No setor social, por exemplo, a sala única multifuncional encontrada em apartamentos populares e de classe média, é ampliada com a espacialização de atividades específicas a medida que status social aumenta. Assim, surgem as salas de visitas, de jantar, de jogos, de TV – mais recentemente conhecida pelo pomposo apelido de home theatre, etc. O aumento no número de rótulos, definindo ambientes específicos, é sinal de uma maior classificação e maior complexidade dos seus atributos.

No setor privado, o fenômeno é mais significativo. Nos apartamentos populares, o cômodo ‘quarto’ nunca é adjetivado, seja para identificar seu usuário (casal, filho, filha) ou para definir graus de importância (quarto principal). Nos apartamentos de classe média surgem as adjetivações e os novos rótulos (suíte), como estratégia para destacar cômodos com maior especialização funcional. O cômodo ‘quarto’ passa, então, a fazer parte de um complexo espacial, com a ampliação das comodidades oferecidas. Ao quarto de casal en-suíte, o máximo do conforto da classe média, são incorporados o closet, nova denominação para o antigo quarto de vestir, a sala de ginástica ou o escritório. Nestes casos, a suíte é master, e pode até oferecer dois sanitários e dois closets, classificados por gênero – masculino/esposo e feminino/esposa. Desta forma, quanto maior o status social, maior a diferenciação espacial dos domínios de cada membro da família, indicando forte classificação pelo aumento dos rótulos que indicam o lócus de cada um.
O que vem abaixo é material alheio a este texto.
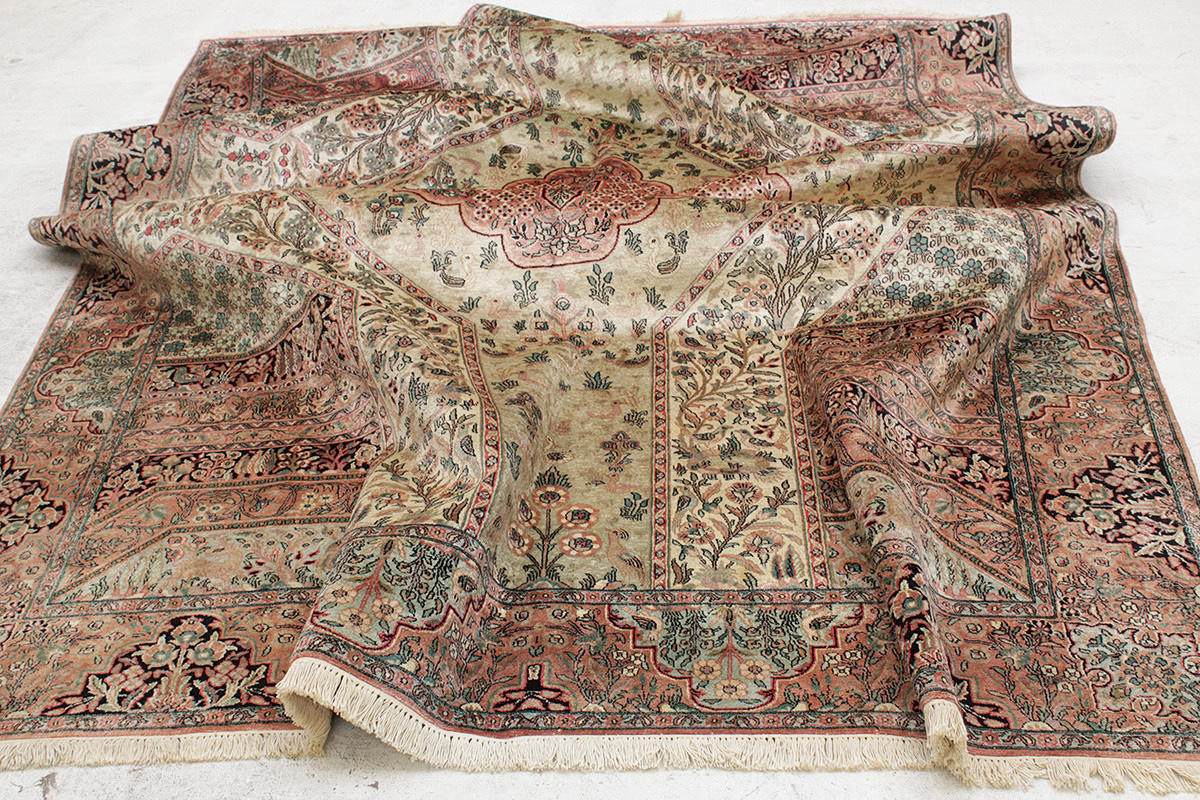 MATTA, Orientalisk, figural Kashmir, silke, 355 x 245 cm.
As peças promocionais também ressaltam o setor de serviços, particularmente enfocando o número de espaços e a peculiaridade do programa: o setor pode ser composto por uma única cozinha e área de serviço, encontrado em pequenos apartamentos, mas também incorporar dois, ou mesmo três quartos (para serviçais e motorista), despensa e copa – espaço tradicional para as refeições da família.

O elemento programático mais anunciado nos apartamentos de classe média é o quarto-reversível – uma solução engenhosa que permite o uso do quarto de serviço ora como um espaço do setor privado, ora como do setor serviço. Do ponto de vista morfológico, o ambiente forma uma espécie de by-pass de um a outro setor, gerando um anel interno que inclui a sala de estar, a área de serviço e o corredor dos quartos. Sua origem está relacionada a emergência de novos arranjos familiares, atendendo as necessidades de famílias que não mais podem pagar pelos serviços permanentes de uma empregada doméstica, ou daquelas que necessitam de mais espaço, mas não podem pagar mais por apartamentos com maior área.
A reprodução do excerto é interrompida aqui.